Growing up in southern Cayuga county in the 60's, the long bus rides to and from school were made more entertaining by what came out of the AM radio speakers, pulled from the dashboard of some sedan and mounted along the interior roof line of the school bus. At some point in the late 60's, our bus driver got tired of WGVA in Geneva and switched over to 62-WHEN. It was a moment of triumph for great radio and opened up a whole new world of music, personality and news from Syracuse. The Cummings kids quickly discovered the powerful, 5000 watt signal at 620 was also the place to keep the transistor radios parked for good music and radio fun all day and into the evening. Sweet Dick, Jack Mindy, Jerry Morgan and all the others became part of our lives in those formative years...along with that dependable, top of the hour, five minute newscast.
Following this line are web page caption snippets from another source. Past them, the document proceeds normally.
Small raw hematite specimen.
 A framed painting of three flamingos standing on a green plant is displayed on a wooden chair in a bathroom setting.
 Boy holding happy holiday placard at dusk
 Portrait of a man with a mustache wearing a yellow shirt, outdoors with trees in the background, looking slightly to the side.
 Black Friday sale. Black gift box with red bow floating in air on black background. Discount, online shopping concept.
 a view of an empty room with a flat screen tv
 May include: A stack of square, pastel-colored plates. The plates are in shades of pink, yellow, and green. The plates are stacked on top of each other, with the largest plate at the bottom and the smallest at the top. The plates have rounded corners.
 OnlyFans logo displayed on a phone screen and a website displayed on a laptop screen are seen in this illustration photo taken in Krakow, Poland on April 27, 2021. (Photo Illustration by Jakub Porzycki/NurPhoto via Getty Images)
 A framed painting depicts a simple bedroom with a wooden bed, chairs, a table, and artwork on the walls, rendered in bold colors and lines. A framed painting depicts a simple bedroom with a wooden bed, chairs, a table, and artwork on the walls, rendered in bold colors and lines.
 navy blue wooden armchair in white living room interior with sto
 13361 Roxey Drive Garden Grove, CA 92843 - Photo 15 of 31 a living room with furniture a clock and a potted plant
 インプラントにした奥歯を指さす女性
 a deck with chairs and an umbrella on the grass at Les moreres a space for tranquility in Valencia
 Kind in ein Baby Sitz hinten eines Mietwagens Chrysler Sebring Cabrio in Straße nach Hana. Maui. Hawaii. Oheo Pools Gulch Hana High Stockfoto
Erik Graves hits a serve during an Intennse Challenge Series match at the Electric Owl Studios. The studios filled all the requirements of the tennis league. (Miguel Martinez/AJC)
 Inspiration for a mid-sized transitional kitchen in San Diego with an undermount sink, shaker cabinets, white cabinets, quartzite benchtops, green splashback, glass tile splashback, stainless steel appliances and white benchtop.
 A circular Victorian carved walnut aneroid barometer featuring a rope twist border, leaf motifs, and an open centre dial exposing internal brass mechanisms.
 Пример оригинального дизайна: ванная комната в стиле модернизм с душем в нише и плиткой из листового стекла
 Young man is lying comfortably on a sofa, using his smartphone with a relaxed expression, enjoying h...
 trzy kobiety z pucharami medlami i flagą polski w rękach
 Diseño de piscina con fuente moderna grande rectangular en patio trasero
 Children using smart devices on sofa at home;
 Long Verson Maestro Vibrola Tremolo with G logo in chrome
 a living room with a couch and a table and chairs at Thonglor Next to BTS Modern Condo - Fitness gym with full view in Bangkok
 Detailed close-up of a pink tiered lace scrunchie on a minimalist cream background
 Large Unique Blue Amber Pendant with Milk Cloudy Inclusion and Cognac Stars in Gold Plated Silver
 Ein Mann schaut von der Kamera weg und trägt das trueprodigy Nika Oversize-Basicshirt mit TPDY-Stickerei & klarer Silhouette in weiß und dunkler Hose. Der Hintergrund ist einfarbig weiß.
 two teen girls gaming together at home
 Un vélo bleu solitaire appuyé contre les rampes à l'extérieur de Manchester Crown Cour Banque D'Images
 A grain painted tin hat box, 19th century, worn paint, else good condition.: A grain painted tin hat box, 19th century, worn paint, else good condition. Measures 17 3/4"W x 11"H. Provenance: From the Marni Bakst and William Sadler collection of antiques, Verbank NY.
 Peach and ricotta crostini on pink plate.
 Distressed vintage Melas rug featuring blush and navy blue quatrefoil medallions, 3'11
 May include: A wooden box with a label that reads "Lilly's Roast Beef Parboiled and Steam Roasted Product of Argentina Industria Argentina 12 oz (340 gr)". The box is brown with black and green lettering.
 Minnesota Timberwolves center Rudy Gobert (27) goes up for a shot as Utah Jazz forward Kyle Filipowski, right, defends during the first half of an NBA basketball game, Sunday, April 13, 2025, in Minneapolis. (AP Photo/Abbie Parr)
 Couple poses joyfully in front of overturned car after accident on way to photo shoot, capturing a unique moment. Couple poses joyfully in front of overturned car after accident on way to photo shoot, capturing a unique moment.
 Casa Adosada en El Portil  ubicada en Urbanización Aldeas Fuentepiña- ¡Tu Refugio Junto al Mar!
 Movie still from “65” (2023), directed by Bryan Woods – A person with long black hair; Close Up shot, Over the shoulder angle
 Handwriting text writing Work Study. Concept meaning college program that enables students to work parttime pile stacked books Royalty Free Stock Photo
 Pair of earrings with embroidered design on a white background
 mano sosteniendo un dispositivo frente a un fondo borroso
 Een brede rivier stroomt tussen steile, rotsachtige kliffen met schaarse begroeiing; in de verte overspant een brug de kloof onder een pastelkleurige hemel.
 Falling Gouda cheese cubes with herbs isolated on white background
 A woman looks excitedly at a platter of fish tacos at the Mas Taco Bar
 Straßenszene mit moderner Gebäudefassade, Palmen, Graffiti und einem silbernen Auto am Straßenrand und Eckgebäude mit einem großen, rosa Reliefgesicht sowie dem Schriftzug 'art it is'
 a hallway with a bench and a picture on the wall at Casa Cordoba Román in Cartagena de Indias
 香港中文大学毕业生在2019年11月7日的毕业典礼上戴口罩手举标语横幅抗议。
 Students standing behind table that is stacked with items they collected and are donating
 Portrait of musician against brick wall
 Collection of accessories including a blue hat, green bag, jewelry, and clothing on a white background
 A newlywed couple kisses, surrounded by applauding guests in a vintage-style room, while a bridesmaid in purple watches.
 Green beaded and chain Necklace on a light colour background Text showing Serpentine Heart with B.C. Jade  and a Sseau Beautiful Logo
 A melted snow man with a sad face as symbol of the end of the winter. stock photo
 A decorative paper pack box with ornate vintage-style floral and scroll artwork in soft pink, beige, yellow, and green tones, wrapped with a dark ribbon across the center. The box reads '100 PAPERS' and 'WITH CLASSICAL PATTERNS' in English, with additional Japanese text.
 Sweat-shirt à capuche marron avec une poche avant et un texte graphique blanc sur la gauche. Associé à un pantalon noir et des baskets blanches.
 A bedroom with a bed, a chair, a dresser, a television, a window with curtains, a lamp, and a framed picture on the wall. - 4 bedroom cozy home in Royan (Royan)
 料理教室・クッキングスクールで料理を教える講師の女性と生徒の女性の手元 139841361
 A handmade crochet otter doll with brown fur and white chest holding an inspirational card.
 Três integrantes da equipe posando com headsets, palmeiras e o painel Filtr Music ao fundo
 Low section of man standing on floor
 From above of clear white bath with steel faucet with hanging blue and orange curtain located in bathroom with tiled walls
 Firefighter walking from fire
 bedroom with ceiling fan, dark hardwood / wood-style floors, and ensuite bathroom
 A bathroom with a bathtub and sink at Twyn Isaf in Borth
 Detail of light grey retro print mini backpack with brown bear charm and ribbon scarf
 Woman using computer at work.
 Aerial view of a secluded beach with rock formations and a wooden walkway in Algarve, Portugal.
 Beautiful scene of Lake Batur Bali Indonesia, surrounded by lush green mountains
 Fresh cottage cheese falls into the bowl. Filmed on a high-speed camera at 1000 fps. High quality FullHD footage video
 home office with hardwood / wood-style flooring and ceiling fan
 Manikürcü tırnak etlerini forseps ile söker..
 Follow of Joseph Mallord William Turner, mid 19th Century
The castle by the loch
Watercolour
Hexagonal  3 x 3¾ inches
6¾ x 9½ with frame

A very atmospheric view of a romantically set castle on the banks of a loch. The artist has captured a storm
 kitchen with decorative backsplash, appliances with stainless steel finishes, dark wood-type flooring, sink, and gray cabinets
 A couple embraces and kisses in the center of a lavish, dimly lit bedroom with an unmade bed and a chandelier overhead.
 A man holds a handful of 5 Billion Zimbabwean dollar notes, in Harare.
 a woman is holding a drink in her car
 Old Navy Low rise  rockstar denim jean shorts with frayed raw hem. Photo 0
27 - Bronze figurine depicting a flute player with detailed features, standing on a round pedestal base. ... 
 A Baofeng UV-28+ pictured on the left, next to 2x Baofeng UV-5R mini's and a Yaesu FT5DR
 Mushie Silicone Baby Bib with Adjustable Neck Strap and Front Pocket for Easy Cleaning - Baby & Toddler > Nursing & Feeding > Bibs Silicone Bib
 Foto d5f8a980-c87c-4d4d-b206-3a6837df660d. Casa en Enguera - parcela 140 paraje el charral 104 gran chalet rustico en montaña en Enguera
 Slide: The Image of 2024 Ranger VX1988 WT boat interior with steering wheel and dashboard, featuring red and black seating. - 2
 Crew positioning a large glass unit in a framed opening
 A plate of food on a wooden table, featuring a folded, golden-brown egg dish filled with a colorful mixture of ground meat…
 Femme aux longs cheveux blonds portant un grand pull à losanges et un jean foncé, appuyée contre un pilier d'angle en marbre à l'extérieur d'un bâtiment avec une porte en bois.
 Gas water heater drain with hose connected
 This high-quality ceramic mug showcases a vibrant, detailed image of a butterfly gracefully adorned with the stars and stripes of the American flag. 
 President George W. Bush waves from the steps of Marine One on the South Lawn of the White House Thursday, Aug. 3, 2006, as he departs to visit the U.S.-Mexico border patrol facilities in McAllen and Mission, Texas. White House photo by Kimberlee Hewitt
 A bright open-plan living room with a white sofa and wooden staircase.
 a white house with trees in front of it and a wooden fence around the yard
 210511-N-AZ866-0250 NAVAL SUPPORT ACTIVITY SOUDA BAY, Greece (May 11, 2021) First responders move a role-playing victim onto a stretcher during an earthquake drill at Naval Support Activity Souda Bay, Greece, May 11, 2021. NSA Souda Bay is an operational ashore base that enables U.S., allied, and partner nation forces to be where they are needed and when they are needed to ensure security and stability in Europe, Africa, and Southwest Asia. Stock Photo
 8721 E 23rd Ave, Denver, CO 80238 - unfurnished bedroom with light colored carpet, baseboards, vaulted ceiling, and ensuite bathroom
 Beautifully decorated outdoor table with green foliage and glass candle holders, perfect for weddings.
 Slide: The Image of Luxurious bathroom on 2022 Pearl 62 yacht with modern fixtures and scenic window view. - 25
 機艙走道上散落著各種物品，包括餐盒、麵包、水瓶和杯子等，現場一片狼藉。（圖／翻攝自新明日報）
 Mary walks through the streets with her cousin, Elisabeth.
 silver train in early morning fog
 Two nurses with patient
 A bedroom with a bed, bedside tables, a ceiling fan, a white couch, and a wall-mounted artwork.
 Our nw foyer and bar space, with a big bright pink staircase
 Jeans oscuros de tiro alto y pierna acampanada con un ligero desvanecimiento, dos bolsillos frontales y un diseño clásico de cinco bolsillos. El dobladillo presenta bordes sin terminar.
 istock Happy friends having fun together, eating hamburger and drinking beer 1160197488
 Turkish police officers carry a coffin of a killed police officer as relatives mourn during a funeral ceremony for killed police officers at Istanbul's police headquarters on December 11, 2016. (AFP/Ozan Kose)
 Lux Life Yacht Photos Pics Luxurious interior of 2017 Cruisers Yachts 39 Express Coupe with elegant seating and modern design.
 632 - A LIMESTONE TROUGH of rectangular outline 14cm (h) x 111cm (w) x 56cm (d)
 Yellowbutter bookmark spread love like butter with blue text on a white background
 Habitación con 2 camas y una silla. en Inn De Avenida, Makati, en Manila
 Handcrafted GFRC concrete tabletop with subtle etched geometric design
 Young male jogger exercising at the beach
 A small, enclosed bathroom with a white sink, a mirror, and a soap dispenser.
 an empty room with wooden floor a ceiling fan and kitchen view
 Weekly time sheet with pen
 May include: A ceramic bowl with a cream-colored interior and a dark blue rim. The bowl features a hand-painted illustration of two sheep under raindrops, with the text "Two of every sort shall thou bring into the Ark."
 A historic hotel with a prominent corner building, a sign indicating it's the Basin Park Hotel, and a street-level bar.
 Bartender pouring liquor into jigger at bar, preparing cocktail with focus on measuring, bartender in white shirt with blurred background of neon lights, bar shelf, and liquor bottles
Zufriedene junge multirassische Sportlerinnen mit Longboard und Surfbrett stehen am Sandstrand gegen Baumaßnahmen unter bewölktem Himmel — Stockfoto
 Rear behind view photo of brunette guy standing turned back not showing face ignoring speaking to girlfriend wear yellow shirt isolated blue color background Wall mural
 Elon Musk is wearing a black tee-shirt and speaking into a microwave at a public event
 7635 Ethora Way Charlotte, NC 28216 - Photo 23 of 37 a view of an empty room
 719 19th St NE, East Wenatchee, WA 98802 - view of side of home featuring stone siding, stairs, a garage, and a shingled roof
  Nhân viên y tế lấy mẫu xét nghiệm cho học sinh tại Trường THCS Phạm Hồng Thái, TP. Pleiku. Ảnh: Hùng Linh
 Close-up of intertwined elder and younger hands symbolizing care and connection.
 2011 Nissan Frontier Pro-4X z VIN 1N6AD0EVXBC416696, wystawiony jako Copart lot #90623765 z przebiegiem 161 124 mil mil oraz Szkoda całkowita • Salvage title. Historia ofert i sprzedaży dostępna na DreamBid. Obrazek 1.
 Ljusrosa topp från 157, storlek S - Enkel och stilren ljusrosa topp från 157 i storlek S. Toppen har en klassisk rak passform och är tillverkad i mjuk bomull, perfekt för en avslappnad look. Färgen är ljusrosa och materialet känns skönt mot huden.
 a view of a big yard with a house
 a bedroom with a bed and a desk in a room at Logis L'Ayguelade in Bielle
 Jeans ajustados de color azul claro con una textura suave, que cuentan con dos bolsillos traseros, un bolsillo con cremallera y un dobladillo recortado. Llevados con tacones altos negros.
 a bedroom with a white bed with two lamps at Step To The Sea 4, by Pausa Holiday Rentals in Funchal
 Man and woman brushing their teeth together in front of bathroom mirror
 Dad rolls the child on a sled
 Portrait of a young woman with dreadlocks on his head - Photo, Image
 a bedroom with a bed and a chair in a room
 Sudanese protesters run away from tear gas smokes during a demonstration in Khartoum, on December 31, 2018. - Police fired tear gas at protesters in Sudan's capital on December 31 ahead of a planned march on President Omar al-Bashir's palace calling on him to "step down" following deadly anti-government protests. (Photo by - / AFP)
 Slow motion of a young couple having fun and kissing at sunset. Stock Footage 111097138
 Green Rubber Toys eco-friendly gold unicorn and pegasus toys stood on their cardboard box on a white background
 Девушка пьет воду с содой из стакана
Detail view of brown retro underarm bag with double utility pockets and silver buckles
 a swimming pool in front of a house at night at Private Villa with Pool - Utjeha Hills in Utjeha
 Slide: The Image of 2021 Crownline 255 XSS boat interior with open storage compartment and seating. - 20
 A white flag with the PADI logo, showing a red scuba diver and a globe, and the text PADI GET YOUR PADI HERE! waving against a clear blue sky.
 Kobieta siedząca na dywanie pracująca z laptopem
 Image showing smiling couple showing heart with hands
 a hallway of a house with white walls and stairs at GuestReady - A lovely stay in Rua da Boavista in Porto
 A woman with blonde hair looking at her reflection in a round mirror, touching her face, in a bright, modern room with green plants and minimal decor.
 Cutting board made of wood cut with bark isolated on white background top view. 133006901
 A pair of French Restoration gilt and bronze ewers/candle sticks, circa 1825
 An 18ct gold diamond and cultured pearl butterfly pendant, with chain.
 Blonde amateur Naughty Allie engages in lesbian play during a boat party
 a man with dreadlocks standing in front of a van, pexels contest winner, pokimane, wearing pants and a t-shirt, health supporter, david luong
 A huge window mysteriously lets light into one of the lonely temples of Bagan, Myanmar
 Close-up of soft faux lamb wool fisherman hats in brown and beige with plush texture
Fast forward to April of 1978. I was two years out of college and working my third radio news job, at WTKO in Ithaca. I pick up the phone in the newsroom one day, and on the line is 62-WHEN News Director Bill Carey, offering me a job at the station I had always dreamed of working for. By the end of that month, I was on the job, anchoring midday news Monday through Friday and Sunday early mornings at one of the best radio news operations anywhere. Phil Markert was working his final week (of his first stint at WHEN), and I was working my first week. My first tour of duty at "Newswatch 62" ran from that Spring of 1978 through mid-summer of 1981. I got the chance to learn from the master (that would be Bill), and got to know a great bunch of young colleagues in news and music programming. The summertime softball with the Basebreakers (and late nights of celebration that followed the games) were a highlight of those years, indelibly printed in my heart and soul. Just as much as the news stories I reported and anchored, the music also sticks in my mind. The hit songs from that era will always be rooted in the memories at WHEN. It was also during this era, when we evolved the morning drive top of the hour newscast from 5 minutes, to ten minutes.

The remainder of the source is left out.